ASSIGNED TASK
Take the lines from the beginning of the material through the line containing "Flying Meatball Circus" and retype them exactly, leaving the pictures out.

====

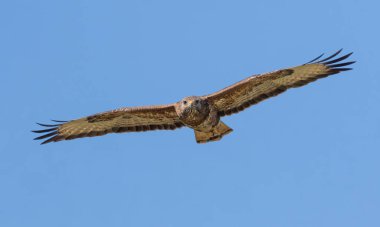 Sıradan bir akbaba, Buteo buteo. Mavi gökyüzüne doğru uçan bir kuş avını arıyor..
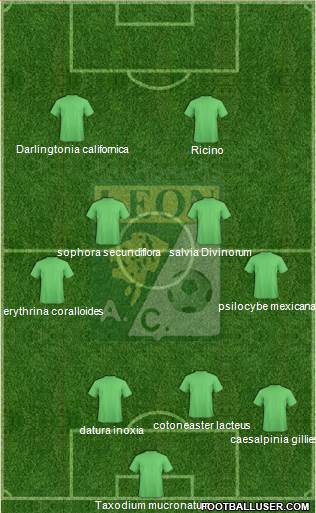 Club Cachorros León Formation 2018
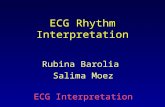 ECG Rhythm Interpretation Rubina Barolia Salima Moez ECG Interpretation.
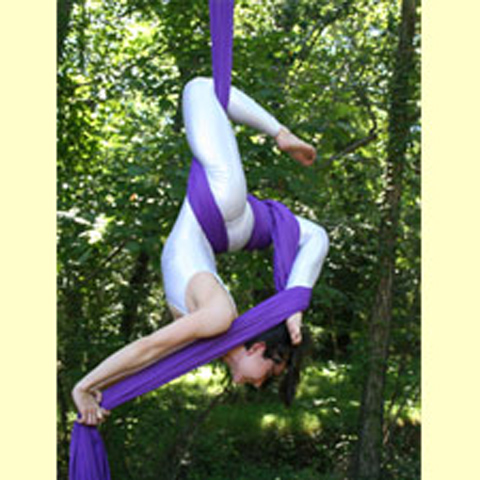 Flying Meatball Circus Aerial Artistry Clowns Acrobatics Magic Stunts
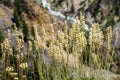 Early Saxifrage Saxifraga virginiensis, Yellowstone National Park Royalty Free Stock Photo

====

SOLVED PROBLEM
 Sıradan bir akbaba, Buteo buteo. Mavi gökyüzüne doğru uçan bir kuş avını arıyor..
 Club Cachorros León Formation 2018
 ECG Rhythm Interpretation Rubina Barolia Salima Moez ECG Interpretation.
 Flying Meatball Circus Aerial Artistry Clowns Acrobatics Magic Stunts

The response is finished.